With a cloud-based contact center solution, it’s possible to hire and rapidly onboard agents in different geographies and time zones when customer support volumes increase, without the requirement to open physical call centers across the globe. Beyond that, these agents will likely speak different native tongues, meeting the demands of a diverse array of markets worldwide.

Business Continuity and Cohesiveness

With on-premise solutions, any unforeseen change to operations — such as a systems outage or rapid shift in work location — represents significant complexity and risk, often resulting in lost productivity and downtime. As illustrated by the Covid-19 pandemic, businesses need the ability to quickly accommodate remote work to keep agents productive while providing safe working conditions. With a cloud-based contact center solution, agents, supervisors and administrators can continue to serve customers from anywhere with an internet connection, saving the company countless hours in lost productivity while delivering a higher level of customer care.

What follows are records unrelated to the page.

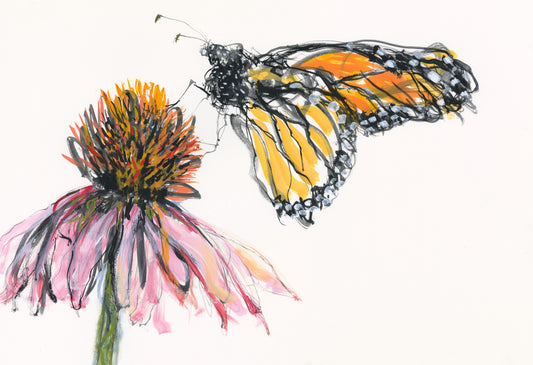 Monarch with Coneflower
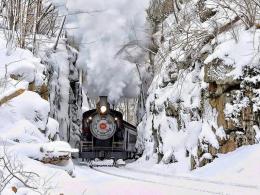 Mesnatur doğu ekspresi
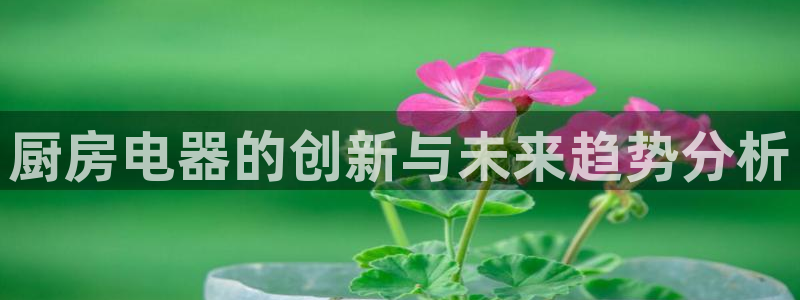摩登7平台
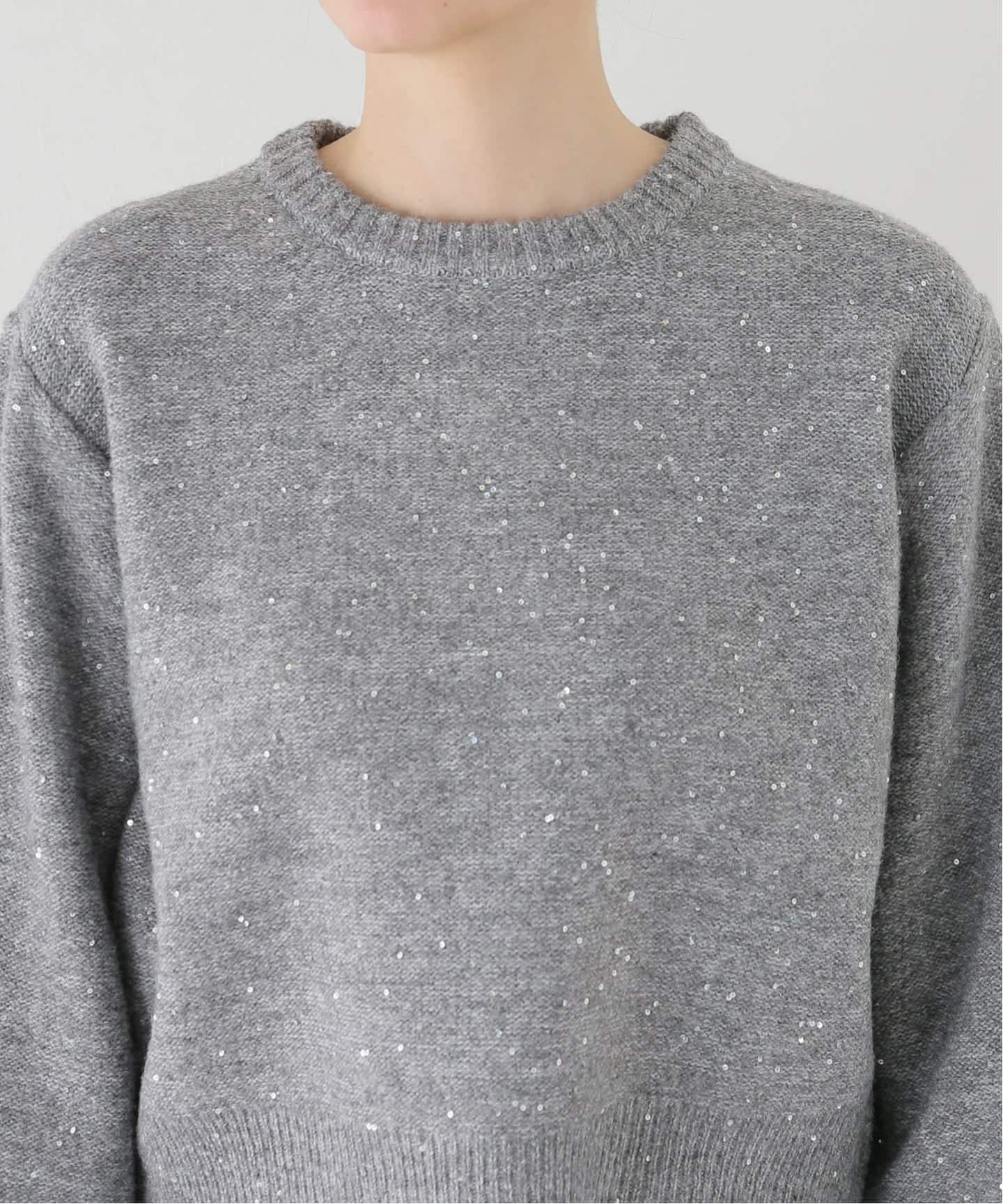 新色有り / 追加》スパンコールショート丈ニット（ニット／セーター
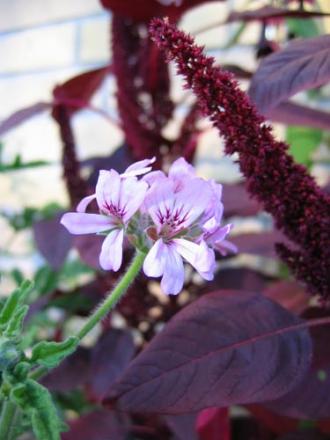 gallery_1308_58_2846.jpg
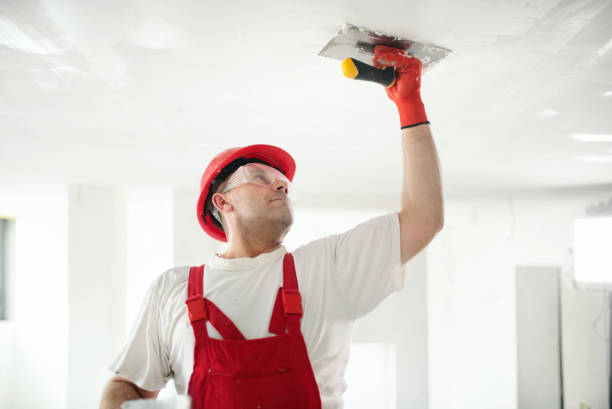 Mold Remediation for Rental Properties in Browns Mills, NJ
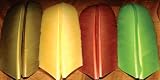 Turkey Feather Biots ::: Fly Tying Material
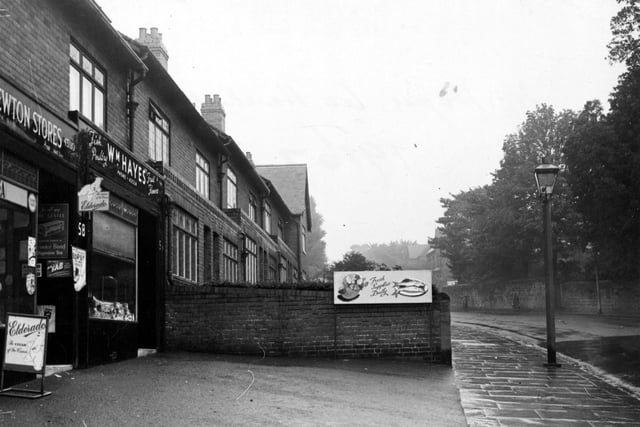 Harehills Lane in August 1953. This view shows  'Newtons Grocers' and 'W. Hayes fish, poultry, fruit and flowers'.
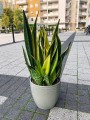 Sansewieria Golden Flame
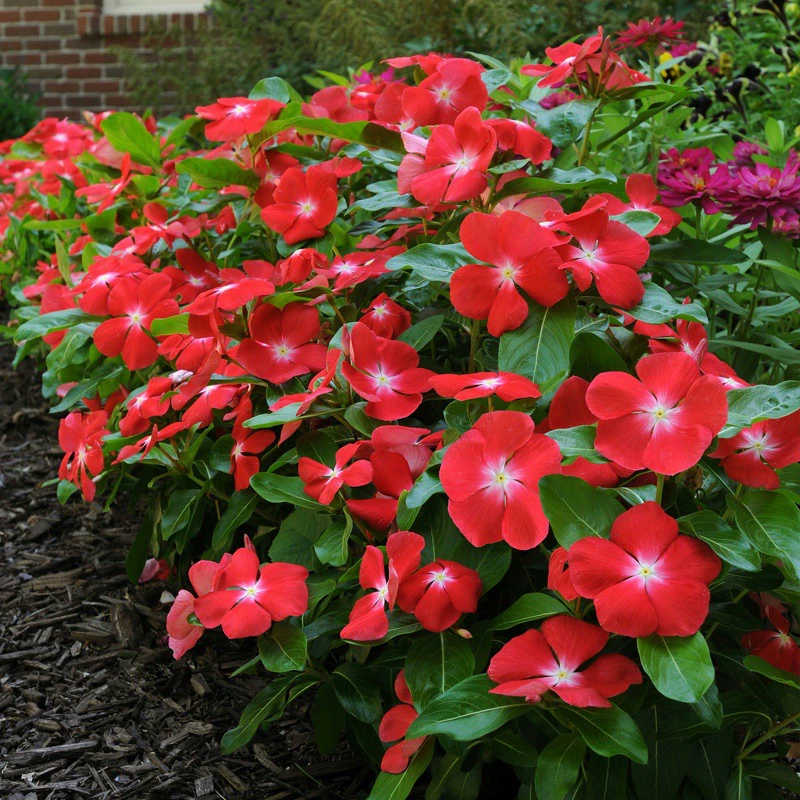 Catharanthus roseus семена пятилепестковых цветов сливы Four Seasons цветение засухостойкие легко жить балкон горшечный сад Восход Весенние цветочные семена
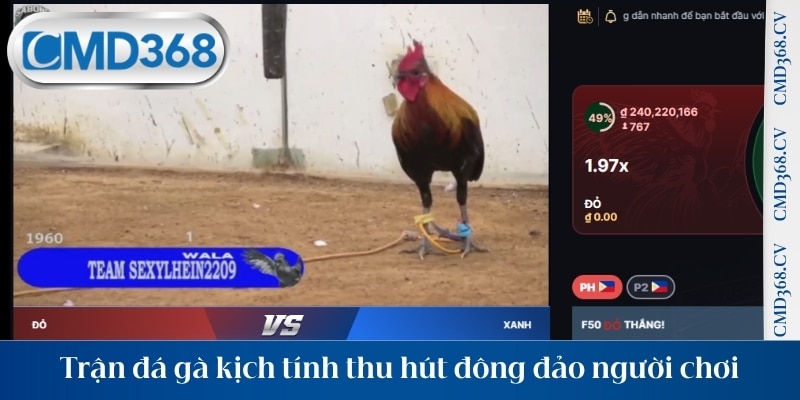 Trận đá gà kịch tính thu hút đông đảo người chơi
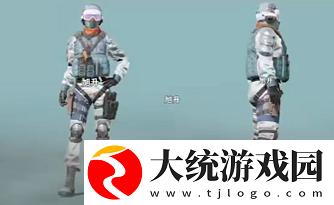 和平精英ss12手册是什么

Do You Need to Manage Your Own Contact Center?

To many, taking on the responsibility of managing one’s own contact center sounds like a daunting task; however, with modern, scalable and adaptable cloud-based call center software, organizations now have far more opportunity to fully own and define the customer experience that is appropriate for their brand.

Create a Simpler, More Efficient Contact Center with CxEngage

Whether it’s due to scalability, reliability, or business continuity requirements, the clear benefits of a cloud-based contact center have provided organizations a compelling reason to reassess their operations and opportunities to reduce cost and complexity while still elevating the customer experience. And due to the global Covid-19, there’s a pressing need to let agents work from home, adding to the multitudes of reasons to implement modern contact center solutions that provide flexibility without sacrificing productivity.